> Records shown

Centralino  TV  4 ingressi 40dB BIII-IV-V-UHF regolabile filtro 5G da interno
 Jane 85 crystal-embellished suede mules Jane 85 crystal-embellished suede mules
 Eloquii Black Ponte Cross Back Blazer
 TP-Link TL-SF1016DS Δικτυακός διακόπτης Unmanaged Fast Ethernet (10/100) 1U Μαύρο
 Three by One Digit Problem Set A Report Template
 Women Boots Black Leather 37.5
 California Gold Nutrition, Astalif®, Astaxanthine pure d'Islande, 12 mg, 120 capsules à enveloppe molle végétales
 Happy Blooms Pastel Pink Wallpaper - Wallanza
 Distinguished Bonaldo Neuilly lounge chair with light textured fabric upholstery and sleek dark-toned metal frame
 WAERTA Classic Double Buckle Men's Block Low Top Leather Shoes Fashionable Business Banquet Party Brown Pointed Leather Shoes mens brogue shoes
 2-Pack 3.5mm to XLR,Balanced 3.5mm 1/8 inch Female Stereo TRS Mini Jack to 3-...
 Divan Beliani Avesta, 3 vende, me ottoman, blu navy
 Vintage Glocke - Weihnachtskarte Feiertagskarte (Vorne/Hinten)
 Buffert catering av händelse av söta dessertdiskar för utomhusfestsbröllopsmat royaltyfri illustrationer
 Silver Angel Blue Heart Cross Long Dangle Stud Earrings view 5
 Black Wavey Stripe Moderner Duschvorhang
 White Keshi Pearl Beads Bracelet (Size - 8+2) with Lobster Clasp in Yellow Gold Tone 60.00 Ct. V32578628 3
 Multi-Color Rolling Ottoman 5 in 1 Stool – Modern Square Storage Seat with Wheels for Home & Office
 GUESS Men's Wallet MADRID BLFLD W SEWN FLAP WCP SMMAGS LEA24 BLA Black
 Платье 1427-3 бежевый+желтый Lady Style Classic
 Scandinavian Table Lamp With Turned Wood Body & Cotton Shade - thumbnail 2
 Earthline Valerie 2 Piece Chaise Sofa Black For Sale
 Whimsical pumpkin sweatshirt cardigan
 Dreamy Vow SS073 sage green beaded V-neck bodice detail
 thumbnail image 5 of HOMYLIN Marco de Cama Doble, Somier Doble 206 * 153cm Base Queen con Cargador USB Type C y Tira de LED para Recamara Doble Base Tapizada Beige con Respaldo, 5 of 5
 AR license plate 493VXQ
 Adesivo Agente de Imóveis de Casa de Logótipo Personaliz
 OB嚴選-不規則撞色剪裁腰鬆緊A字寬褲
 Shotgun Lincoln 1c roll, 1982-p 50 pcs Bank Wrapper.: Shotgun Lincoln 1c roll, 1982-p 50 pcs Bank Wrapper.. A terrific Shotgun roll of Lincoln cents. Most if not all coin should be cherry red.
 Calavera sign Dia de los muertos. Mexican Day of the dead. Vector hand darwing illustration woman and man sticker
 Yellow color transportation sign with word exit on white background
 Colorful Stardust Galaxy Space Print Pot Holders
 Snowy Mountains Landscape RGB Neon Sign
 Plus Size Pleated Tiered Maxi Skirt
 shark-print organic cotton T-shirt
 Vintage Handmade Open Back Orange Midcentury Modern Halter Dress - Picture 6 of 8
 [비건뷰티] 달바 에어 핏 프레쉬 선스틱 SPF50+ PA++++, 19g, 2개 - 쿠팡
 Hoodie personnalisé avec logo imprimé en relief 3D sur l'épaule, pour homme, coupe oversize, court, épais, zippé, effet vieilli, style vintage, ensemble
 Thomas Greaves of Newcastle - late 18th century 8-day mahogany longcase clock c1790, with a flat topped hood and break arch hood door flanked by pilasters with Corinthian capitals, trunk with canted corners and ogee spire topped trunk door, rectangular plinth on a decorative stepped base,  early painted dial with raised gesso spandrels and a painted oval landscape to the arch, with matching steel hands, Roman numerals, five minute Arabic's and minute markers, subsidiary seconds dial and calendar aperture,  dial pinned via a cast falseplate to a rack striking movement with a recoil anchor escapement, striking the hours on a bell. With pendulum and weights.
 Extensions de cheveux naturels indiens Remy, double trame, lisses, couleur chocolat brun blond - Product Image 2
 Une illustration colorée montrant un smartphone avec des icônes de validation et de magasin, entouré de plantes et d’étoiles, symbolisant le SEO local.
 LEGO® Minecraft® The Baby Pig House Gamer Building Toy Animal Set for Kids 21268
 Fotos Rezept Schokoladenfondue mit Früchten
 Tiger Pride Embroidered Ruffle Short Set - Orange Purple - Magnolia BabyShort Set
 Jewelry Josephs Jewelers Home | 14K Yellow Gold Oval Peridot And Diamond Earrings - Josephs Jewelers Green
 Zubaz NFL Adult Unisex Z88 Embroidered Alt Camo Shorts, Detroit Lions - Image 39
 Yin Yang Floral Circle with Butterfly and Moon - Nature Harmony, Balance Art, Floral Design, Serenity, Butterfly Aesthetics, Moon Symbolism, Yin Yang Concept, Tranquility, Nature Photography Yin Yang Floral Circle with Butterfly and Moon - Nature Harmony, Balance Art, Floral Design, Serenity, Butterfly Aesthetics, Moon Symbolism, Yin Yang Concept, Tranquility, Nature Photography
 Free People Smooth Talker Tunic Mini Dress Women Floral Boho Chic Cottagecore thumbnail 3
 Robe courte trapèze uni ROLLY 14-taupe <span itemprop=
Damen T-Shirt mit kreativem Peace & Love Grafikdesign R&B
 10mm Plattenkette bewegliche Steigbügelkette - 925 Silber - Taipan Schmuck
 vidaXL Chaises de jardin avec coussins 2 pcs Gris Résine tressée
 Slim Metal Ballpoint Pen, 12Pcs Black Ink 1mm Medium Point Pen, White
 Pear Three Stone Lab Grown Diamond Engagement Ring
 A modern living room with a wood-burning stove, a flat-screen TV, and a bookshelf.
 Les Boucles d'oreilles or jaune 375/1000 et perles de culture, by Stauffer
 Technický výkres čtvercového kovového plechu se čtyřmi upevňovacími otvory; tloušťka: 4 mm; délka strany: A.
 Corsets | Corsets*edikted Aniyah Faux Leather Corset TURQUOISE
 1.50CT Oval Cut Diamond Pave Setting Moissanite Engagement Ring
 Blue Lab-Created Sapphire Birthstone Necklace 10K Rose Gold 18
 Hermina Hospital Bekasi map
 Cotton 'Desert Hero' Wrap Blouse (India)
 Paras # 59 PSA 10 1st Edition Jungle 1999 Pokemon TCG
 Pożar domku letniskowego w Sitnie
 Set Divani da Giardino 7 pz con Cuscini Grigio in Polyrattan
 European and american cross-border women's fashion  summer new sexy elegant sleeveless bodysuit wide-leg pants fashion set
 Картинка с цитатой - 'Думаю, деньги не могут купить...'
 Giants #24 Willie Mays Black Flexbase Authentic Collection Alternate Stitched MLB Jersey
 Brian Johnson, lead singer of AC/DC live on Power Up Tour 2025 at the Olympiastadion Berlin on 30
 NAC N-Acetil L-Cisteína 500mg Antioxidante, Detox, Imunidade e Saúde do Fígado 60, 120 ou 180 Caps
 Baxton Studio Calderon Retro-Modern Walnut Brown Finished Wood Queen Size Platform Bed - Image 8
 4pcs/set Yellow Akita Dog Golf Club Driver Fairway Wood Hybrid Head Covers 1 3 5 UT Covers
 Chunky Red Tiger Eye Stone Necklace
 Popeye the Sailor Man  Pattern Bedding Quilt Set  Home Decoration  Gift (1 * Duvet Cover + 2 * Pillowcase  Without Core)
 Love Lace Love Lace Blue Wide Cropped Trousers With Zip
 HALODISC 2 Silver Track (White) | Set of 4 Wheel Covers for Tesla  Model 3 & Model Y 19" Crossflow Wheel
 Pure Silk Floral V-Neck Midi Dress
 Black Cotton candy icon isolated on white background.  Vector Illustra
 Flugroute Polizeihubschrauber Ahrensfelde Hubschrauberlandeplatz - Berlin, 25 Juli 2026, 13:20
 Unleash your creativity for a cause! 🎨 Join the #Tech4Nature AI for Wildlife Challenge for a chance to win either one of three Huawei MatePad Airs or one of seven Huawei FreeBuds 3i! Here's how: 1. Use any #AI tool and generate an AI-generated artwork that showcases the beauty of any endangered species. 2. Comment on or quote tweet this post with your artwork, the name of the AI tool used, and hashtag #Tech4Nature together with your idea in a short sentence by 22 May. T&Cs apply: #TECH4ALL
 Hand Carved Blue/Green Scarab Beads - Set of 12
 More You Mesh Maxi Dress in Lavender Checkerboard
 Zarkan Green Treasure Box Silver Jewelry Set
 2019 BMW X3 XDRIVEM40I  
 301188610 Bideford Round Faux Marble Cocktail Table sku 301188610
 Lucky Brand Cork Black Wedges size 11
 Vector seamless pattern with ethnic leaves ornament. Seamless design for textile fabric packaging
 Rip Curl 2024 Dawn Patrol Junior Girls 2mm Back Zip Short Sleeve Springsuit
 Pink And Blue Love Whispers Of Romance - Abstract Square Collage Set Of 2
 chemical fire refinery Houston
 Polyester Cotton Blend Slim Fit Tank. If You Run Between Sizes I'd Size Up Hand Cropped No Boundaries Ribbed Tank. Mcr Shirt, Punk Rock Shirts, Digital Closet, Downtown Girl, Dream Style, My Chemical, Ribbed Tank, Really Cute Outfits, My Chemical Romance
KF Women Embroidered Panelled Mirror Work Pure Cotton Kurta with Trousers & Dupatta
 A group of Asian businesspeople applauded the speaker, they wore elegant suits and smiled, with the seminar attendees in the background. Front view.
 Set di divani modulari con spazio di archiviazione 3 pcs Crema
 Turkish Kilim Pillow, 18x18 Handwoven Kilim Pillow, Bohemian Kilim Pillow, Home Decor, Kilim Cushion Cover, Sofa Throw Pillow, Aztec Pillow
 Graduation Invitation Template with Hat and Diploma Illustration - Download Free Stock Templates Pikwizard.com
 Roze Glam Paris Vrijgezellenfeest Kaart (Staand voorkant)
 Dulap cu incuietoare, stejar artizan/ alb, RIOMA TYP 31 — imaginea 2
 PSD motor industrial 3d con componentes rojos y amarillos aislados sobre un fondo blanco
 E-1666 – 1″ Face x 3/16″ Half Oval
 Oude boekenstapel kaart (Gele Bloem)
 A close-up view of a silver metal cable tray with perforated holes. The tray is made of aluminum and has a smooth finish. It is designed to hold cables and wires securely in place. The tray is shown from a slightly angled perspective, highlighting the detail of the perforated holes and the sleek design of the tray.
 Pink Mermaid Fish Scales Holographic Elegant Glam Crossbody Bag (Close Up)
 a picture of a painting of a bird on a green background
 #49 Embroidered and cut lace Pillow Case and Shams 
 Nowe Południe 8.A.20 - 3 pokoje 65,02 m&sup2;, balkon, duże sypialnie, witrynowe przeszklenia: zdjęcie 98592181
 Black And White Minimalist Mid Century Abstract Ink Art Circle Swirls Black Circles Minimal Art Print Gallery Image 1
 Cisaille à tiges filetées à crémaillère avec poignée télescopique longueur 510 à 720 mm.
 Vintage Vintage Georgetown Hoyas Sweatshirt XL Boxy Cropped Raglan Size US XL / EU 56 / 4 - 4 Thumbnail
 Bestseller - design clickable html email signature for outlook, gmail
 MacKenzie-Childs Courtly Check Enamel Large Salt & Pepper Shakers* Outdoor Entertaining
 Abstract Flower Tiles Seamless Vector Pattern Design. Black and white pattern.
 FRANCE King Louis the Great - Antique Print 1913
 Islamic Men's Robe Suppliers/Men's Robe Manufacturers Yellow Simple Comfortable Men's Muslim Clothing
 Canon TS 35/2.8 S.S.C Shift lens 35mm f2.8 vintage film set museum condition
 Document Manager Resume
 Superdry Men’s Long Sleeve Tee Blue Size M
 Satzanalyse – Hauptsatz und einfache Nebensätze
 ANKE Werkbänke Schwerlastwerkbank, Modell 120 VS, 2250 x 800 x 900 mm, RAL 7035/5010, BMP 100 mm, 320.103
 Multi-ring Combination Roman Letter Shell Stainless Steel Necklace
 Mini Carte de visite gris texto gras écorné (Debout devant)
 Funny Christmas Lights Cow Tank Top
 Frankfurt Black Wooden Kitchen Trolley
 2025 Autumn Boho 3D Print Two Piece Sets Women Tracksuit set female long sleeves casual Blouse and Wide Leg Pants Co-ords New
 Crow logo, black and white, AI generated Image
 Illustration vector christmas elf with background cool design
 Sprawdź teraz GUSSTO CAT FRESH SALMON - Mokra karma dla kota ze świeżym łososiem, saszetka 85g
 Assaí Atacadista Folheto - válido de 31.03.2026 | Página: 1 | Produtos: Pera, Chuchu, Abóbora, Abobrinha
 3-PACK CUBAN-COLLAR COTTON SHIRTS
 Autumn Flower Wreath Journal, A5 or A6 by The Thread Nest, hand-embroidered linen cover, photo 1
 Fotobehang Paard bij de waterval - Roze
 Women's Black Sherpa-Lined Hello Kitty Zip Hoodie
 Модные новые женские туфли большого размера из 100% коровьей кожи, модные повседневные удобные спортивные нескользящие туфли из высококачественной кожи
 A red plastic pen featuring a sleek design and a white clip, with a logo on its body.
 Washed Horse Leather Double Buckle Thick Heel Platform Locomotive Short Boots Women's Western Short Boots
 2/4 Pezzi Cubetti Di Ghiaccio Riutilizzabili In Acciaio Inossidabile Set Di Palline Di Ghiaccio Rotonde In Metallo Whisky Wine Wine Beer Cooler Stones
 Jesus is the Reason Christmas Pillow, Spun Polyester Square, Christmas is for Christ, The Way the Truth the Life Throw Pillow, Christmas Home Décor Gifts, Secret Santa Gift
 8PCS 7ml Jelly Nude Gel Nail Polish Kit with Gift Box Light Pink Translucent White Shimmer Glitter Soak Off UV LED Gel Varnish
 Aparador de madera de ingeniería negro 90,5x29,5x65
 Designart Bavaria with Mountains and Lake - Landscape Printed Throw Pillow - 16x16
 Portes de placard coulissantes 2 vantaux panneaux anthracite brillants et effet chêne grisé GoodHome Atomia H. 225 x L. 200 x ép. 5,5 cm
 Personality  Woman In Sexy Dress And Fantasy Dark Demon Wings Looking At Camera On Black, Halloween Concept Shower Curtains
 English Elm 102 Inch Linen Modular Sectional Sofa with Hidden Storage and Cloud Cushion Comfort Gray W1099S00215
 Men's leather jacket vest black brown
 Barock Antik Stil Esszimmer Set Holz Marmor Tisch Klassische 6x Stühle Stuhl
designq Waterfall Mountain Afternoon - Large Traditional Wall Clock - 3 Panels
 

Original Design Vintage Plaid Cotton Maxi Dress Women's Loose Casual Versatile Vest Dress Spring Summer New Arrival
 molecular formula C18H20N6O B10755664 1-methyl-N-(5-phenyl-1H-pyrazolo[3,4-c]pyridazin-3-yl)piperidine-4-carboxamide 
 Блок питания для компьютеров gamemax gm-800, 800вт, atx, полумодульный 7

> Work task
Exact duplication is required for the lines above, from the line that contains "Islamic Men's Robe" to the line that contains "Satzanalyse – Hauptsatz", inclusive; omit all others.

> Exercise output
 Islamic Men's Robe Suppliers/Men's Robe Manufacturers Yellow Simple Comfortable Men's Muslim Clothing
 Canon TS 35/2.8 S.S.C Shift lens 35mm f2.8 vintage film set museum condition
 Document Manager Resume
 Superdry Men’s Long Sleeve Tee Blue Size M
 Satzanalyse – Hauptsatz und einfache Nebensätze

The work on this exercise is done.